Book Review: The School for Good & Evil

Chainani, Soman
5 stars = Bohemian Rhapsody Awesome!

At first look, The School for Good & Evil may look like your classic and basic fantasy book with a little romance. Even though there is so much more, this book has so much depth to its plot, and just how the world is set up could be a whole book in itself. It starts in this little classic village that looks like any classic medieval village, maybe a bit more sophisticated. This village for the past 150 years has had two of their children aged around 16, boy or girl, taken from their village in the middle of the night and they are never seen again. The villagers try their hardest to stop this force that takes them, yet every year they fail. They go looking for them in the forest surrounding the village but every time someone has gone looking they go in on one side of the forest and appear out of the forest on the other side of the village. Then every year a book shows up full of stories, some including people who look like the children taken, the bookmaker then copies this book over and over to sell to everyone in the village. These stories are the classic fairy tales that everyone has heard of, as well as fairy tales we have never heard of. The village people have no clue where the children go or what happens to them except for the maybes in the books. Yet they know one thing, one child is good and one is evil.

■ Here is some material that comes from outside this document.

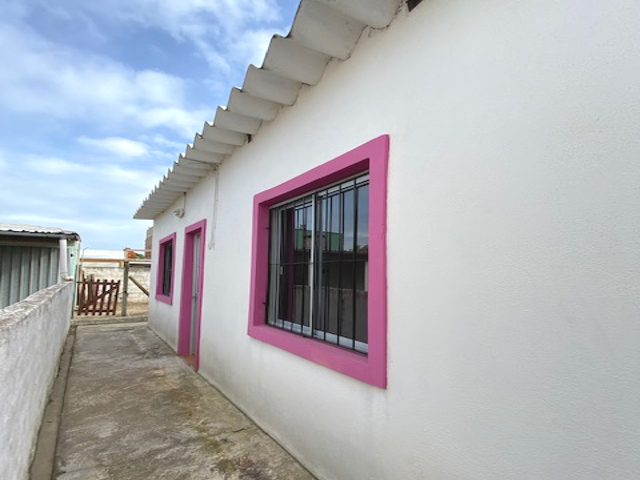 Imagen 2 de la galería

The story starts with two girls, Sophie and Agatha, two best friends, yet opposites. Sophie is your classic-looking princess who has flawless skin, long golden blonde hair, beautiful clothes, almost the best house in the village, and is kind to everyone. While Agatha is your classic-looking witch who dresses in all black, doesn’t care about her appearance much, lives in a graveyard, has a cat that seemed to come from hell, and her mother is the witch doctor of the village. Both the same age, everyone knew they would be taken, knowing which is good and which is evil. Sophie wanted to leave desperately and did everything she possibly could to make sure she would be taken, Agatha wanted to stay in her quaint little life and not leave the village, her mom, and her cat. When the day came that the children would be taken everyone in the village worked to blockade every window door and make sure everyone stayed inside, while everyone older lined along the forest. Sophie prepared to be taken, and Agatha prepared to save her best friend from being taken. Night fell and as it turned out both Agatha and Sophie were taken, it was not a fun ride; they were pulled through the forest, the branches ripping their skin, then flying above in the claws of some bird. The two girls then saw the castles, the school for good and evil, one castle bright and shining and the other dark and gloomy. A fog came in and the girls couldn’t see anymore, they then were both dropped first Agatha and then Sophie. Yet Sophie woke up in the swamp of the evil castle and Agatha woke up in the shining clear blue lake of the good castle, something no one anticipated.
This book was something I never expected, I thought it would just be a bunch of fluff and would be a really short, easy, and bland read. NOT AT ALL. This book changed my expectations of how books should be written. This book was like something I have never read before. The twist on how we see fairytales is insane and shows what we never would have thought happened. There are so many twists and turns that even though you know the general idea of the book, you have no clue what is going to happen on every single page. This book would be great for anyone that loves reading fairy tales, fantasy, drama, and a little bit of a dark side twist in books.